Secondo i media israeliani tra i falchi ci sarebbero i due ministri messianici Bezalel Smotrich e Itamar Ben Gvir. Colombe sarebbero i responsabili dei servizi segreti, Mossad e Shin Bet, più il mediatore che gestisce il dossier degli ostaggi.

Per l’ufficio di Netanyahu, però, non c’è altra scelta. «Hamas non rilascerà gli ultimi ostaggi senza essere obbligato a una resa completa». «Israele non può arrendersi ai terroristi. Se non agiamo ora, gli ostaggi moriranno di fame e Gaza rimarrà sotto il controllo di Hamas». I video dei due prigionieri ridotti pelle e ossa che Hamas voleva usare come ricatto è servito a giustificare l’estensione dell’intervento.

In coincidenza con l’annuncio della nuova offensiva, quasi 600 ex funzionari della sicurezza israeliana hanno firmato un appello per la fine delle ostilità. «Secondo il nostro parere professionale, Hamas non rappresenta più una minaccia strategica. Questa ha smesso di essere una guerra giusta». Tra i firmatari ex capi dei servizi, generali e l’ex premier Ehud Barak.

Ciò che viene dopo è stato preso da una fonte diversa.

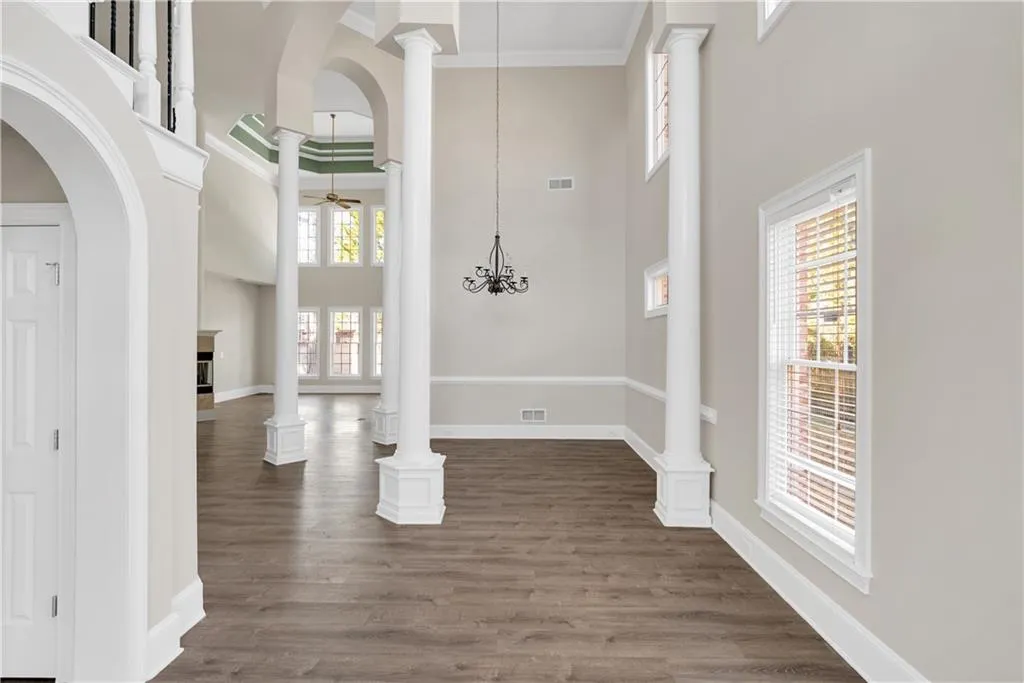 Foyer entrance featuring dark wood-type flooring, a high ceiling, visible vents, ornamental molding, and decorative columns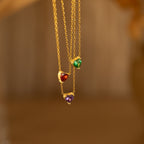 Three Heart Birthstone Necklaces with heart-shaped red, green, and purple stones hang against a blurred brown background—an ideal personalized jewelry gift for birthdays.
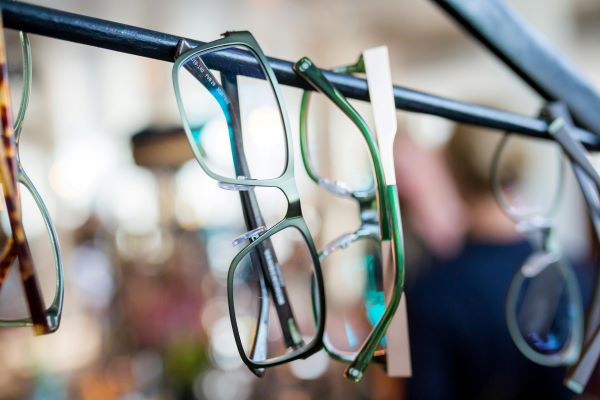 Eyeglasses hanging on a metal bar in an optical store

Il primo a parlare della possibilità di un’azione ancora più violenta era stato il presidente americano Donald Trump. «Sappiamo dove sono gli ostaggi. Israele deve decidersi in fretta». Poi l’aveva fatto capire l’inviato speciale Usa Steve Witkoff chiedendo in sostanza la resa di Hamas: «o tutto o niente», basta mezzi accordi e tregue provvisorie.

L’appoggio dell’attuale amministrazione americana alla scelta di Netanyahu appare incondizionato. Non solo riguardo alla nuova fase della guerra a Gaza, ma anche a un più vasto disegno di espansione. Il presidente della Camera, il repubblicano Mike Johnson, era ieri in visita nella Cisgiordania palestinese. Ha criticato i Paesi che intendono riconoscere la Palestina come Stato e poi ha affermato che «le montagne della Giudea e della Samaria — come i sionisti chiamano la Cisgiordania — sono la legittima proprietà del popolo ebraico». Dal canto suo il presidente Donald Trump ha annunciato che negherà gli aiuti federali per le catastrofi naturali agli Stati e alle città americane che boicottano le aziende israeliane». L’alleanza di ferro tra Trump e Netanyahu si è addirittura rafforzata.

Poche ore prima di decidere la spallata militare, l’esecutivo Netanyahu aveva votato all’unanimità di sospendere la procuratrice generale Gali Baharav-Miara. Dal suo ufficio dipendono molti dei processi che vedono indagato lo stesso primo ministro. La procuratrice ha definito «illegale» il voto del governo. In una lettera inviata ai suoi vice e ad altre figure della Procura, Baharav-Miara ha scritto che «le pressioni politiche non ci impediranno di svolgere il nostro lavoro in modo imparziale, professionale e onesto». La magistrata rimarrà in carica sino alla decisione della Corte Suprema. Secondo la maggioranza degli esperti è improbabile che, in questo caso, Netanyahu riesca ad averla vinta.